### Stored data
══════════
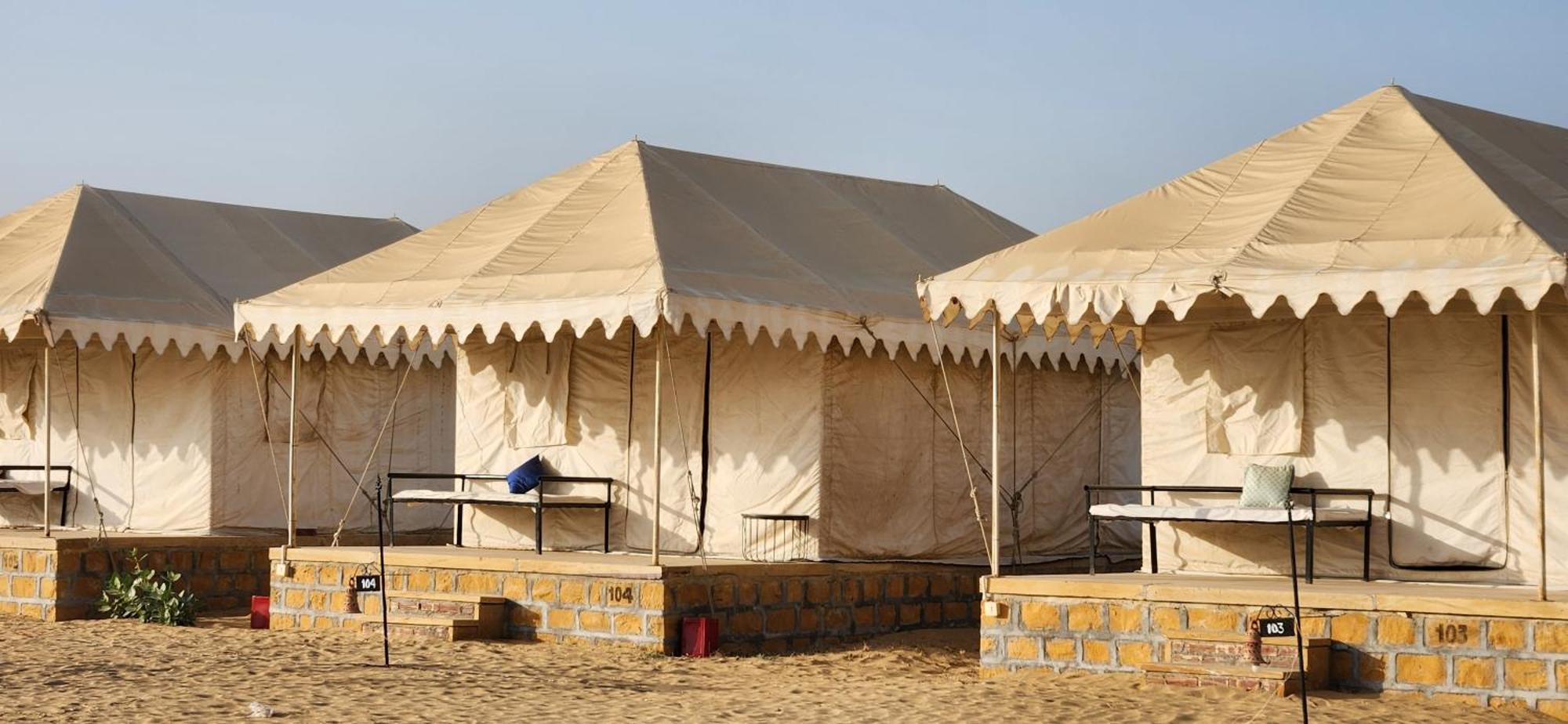 Night Stay Camp Jaisalmer Extérieur photo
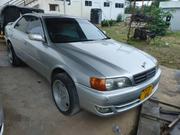 Toyota Mark II 2001 Silver for sale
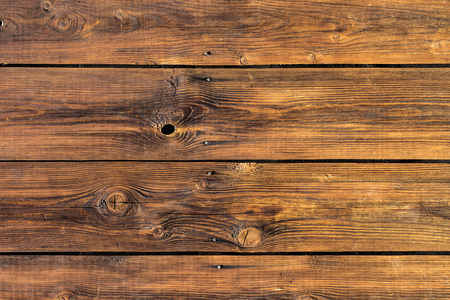 Dark wood texture. Background dark old wooden panels.の写真素材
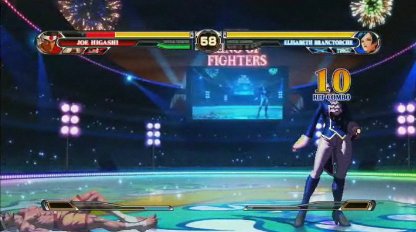 Vídeo de King of Fighters XII, The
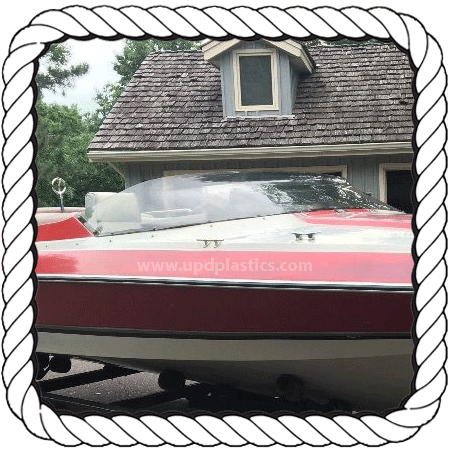 Century 1988 19ft Speed Boat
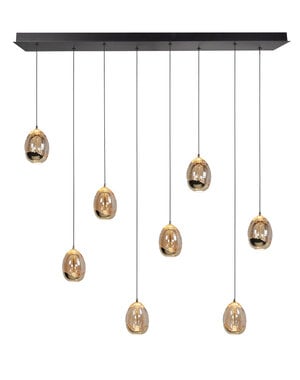 HighLight  Hanging lamp Egg 8 lights bar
══════════
### Problem statement
The entries should be reproduced word for word, pictures omitted.

### Exercise output
 Night Stay Camp Jaisalmer Extérieur photo
 Toyota Mark II 2001 Silver for sale
 Dark wood texture. Background dark old wooden panels.の写真素材
 Vídeo de King of Fighters XII, The
 Century 1988 19ft Speed Boat
 HighLight  Hanging lamp Egg 8 lights bar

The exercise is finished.